Page 146 of A Vow of Embers
“Now you know my deepest, darkest secret,” he said.
That made me feel like I had violated a boundary that I shouldn’t have. “I wasn’t trying to—”
“I know,” he said, cutting me off. He was acknowledging that neither one of us was responsible for these dreams and that he understood that I hadn’t been trying to spy on him. “Io doesn’t know about our mother. Don’t tell her.”
“I won’t.” Io did not need this pain. I would keep it from her to protect her. I respected that he would go to these lengths to keep her safe while also realizing that it must have been very lonely to have borne this kind of secret alone.
He rolled over onto his side so that we were facing one another. “I think my stepmother played a part in her death.”
Something about all of this felt wrong to me. Xander hadn’t invited me into his dream. He didn’t want to share that with me. I had intruded. And the things that he was saying now ... it might have been against his will.
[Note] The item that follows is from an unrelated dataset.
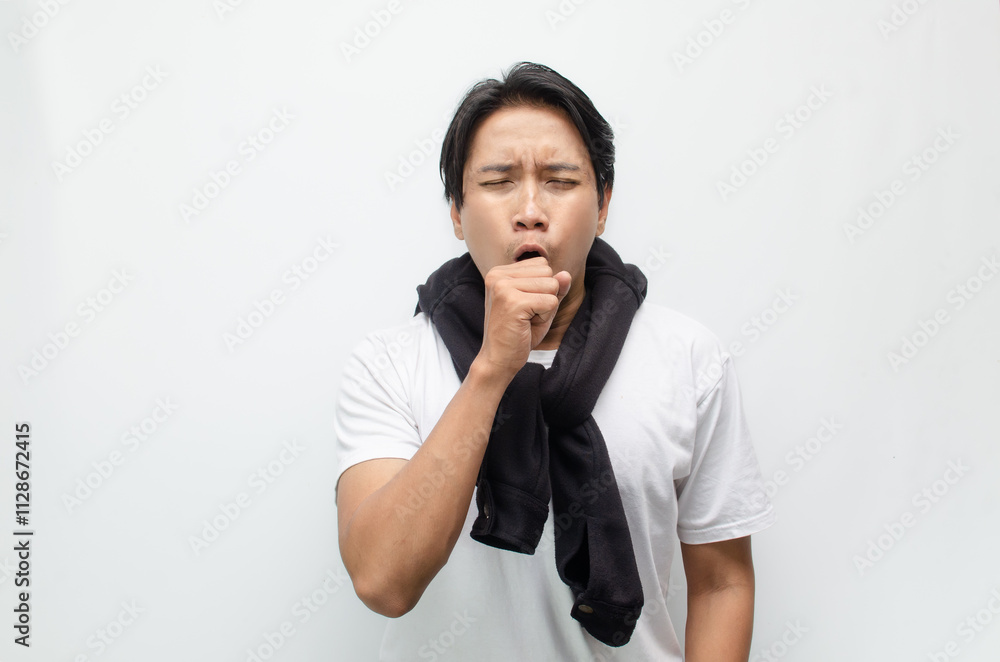 Young Asian Man Coughing and Showing Symptoms of Flu with Fever Young Asian Man Coughing and Showing Symptoms of Flu with Fever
“Io gave you your father’s truth serum. Because it had an antidote in it.” He should know what was happening.
He nodded. “Then this might be your time to ask me anything you’d like.”
That felt wrong. Like I was taking advantage of him.
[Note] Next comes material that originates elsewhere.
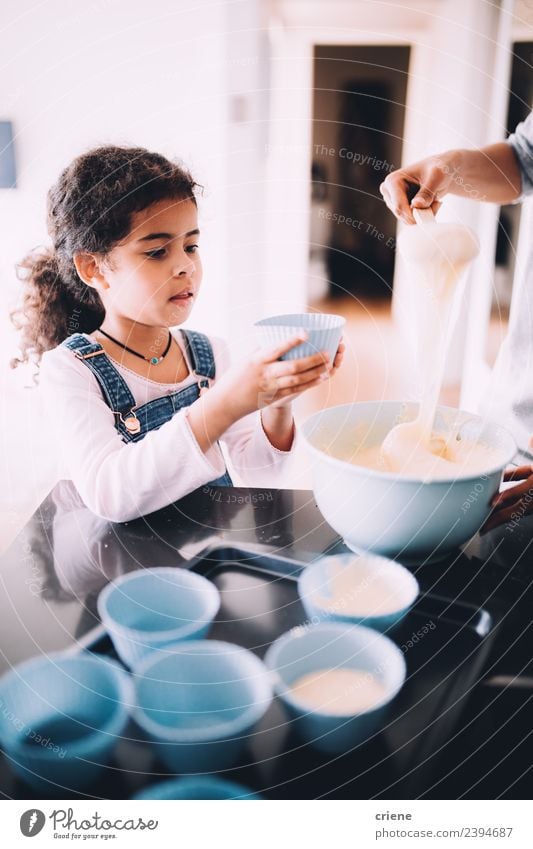 little african girl making cupcakes in kitchen Dessert Bowl Lifestyle Happy Kitchen Child School Woman Adults Small cooking Baking people young Stir food Flour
Which he must have seen in my expression. “I’m the one who extended the invitation.”
“Why do you think your stepmother was involved in your mother’s death?” Because it looked very much like his mother had died by her own hand.
“Not in the way you’re thinking,” he said with a sigh. “My mother is from a poor island nation, not far from Ilion. She was the eighth child, the fifth daughter, and the youngest. There were no expectations for her to marry well. Her life was her own.”
“Like me,” I whispered, not meaning to interrupt him. “My brother was supposed to rule and my sister to marry you, leaving me free to do as I wished.”
“You could have chosen your love,” he said. “That’s what my mother did. She loved a commoner, a sailor. She used to tell me stories of his travels when I was young. His name was Jason.”
Things were starting to make sense to me in a way they hadn’t before. I felt a connection to his mother, because I had also loved a Jason.
“My father traveled extensively when he was young, meeting different people from different nations. His own father had told him to look for a wife, but my father wasn’t interested in settling down. He enjoyed women and they enjoyed him.” Something Xander had in common with his father. “But the day he met my mother, everything changed. He fell madly in love with her the first time he saw her. He offered for her hand, promising to make her queen of one of the greatest nations in the world. She declined because she loved another.”
It wasn’t what I had been expecting him to say. I had thought he was going to tell me his parents’ great love story.
“Seeing how advantageous such a match could be, the bride price that my father was willing to pay, my mother’s parents begged her to reconsider. She refused. She loved Jason and would not marry my father. My grandparents forbade her from marrying her sailor. They threatened her and she was not moved. It wasn’t until my grandfather said he would have Jason put to death that my mother finally gave her consent to marry my father.”
I put a hand over my heart. That was so awful. Many parents would circumvent the goddess’s law that a woman had to consent to marriage by doing things like Xander’s grandparents had.
“My father hoped that, given time, my mother would come to love him. He gave her all his devotion, so much so that there wasn’t anything left for his children. He was obsessed with her and winning her over. He lavished her with gifts. Promised her anything her heart desired. Begged and pleaded for her love. Got her with child, hoping that it would change things.”
“How do you know all this?” I whispered. This seemed like something parents shouldn’t have shared with their children.
“He told me. It’s one of my earliest memories, knowing my mother did not love my father and that he desperately wished for it to be different. I think he told me in hopes of winning me over to his cause, that I would beg her to change her mind and love him. It was pointless, though. I couldn’t sway her.”
“Why not?”
“She didn’t love us, either. I think she tried in her own way, but she didn’t truly ever love Io and me the way a mother should because we were our father’s children. I think she resented us.”
I couldn’t help myself. I put my hand on his. That was so awful. I knew how much he had loved her. I had felt it in his dream. What must it have been like to love her with his whole heart and not have that returned?
He looked down at my hand but did not comment on it or return the gesture. I pulled my hand away, feeling ridiculous.
“She was sad all the time. I have no memory of my mother laughing or smiling. Being married to my father destroyed her soul.” He took in a deep breath. “I heard them arguing once. She begged him to take an official mistress, to give his affection to another, but he would not. Sealed up the passageways to show his devotion and steadfastness. He wouldn’t even look at another woman.”
“That’s ...” What did you say to something like that? I didn’t know how to respond to the pain I heard in his voice.
“It was terrible. My stepmother came to be an attendant to my mother after Io was born. I remember how much sadder my motherbecame after Io’s birth, and it never got better. She was always in a state of melancholy. My father tried everything he could to raise her spirits, to entertain her, but nothing worked. Erisa became her friend, someone who she confided in. The more time they spent together, the worse my mother became. And then four years later, news arrived that Jason had died at sea.”
I had to swallow back the emotion that caused me. I knew what it felt like to realize that someone you loved was never coming back.